7-28 June 2025
The work in this exhibition picks up from my previous exhibition “Exact Air” at the Moray in April 2023, and the title “There is almost nothing left of nowhere” is taken from Don DeLillo’s 2020 novel “The Silence”.
The characters in DeLillo’s novels often struggle with the fact that the unending volume of information and stimuli they face in modern life makes it impossible to find true silence or emptiness. They seek to find meaning and identity in shopping and possessions, and by filling the void with things and actions. In doing so they have no ‘nothingness’ – quiet, calm, and capacity for imagination.
The term “Exact Air’ comes from an essay by Le Corbusier from 1933 in which he discussed the need to create order and certainty in man-made environments, where everything was constant and everything controlled.
The need to control and shape our lived environment, and the need to fill our days and minds with information and busyness seem to be part of the same overall problem we face at this time in the world.
Making and looking at art is an opportunity to go to a place of nothingness, a place of quiet, creativity, reflection, and healing.
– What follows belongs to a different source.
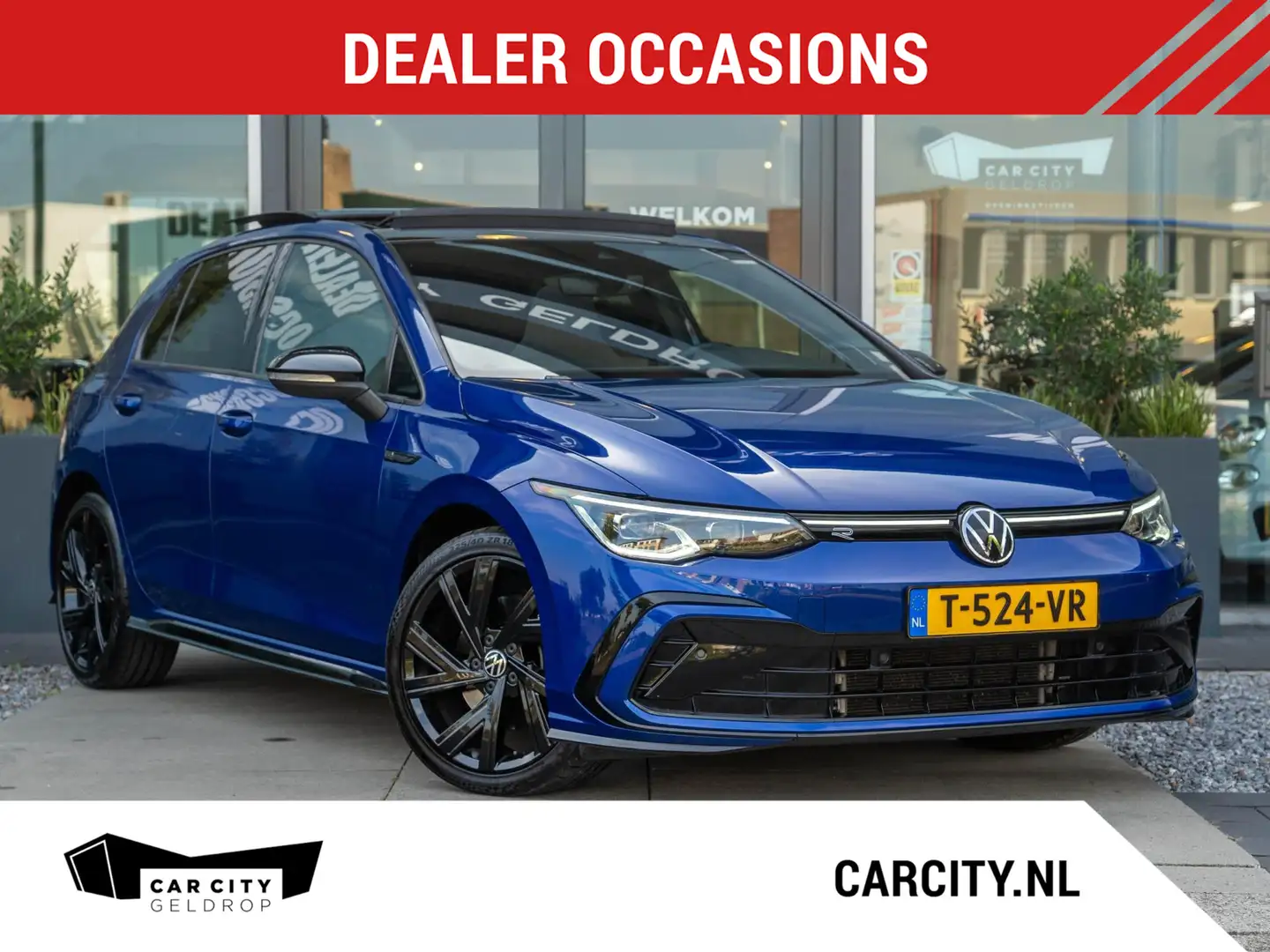 Volkswagen Golf 2.0 TSI R-line / 190pk! / Pano / IQ / Black style Bleu - 1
Where the outside world is left behind for a while.
John Burnside – ‘Aurochs and Auks’ – “Nowhere is the source of unbidden memories, the hinterland where poetry and improvisation and even the solutions to mathematical theorems breed. Many our best ideas come out of nowhere, where the usual orthodoxies do not hold sway.”
Jeanette Winterson – “Imagination allows us to experience ourselves and our world as something that is relational and interdependent. Everything exists in relation to everything else”.
The pictures here are dominated by the square and the geometric. They are man-made, but with the emphasis on hand-made – wonky corners, not quite straight lines, and angles askew. A failed attempt at control and discipline, but also an attempt at creating a space for quiet and calm.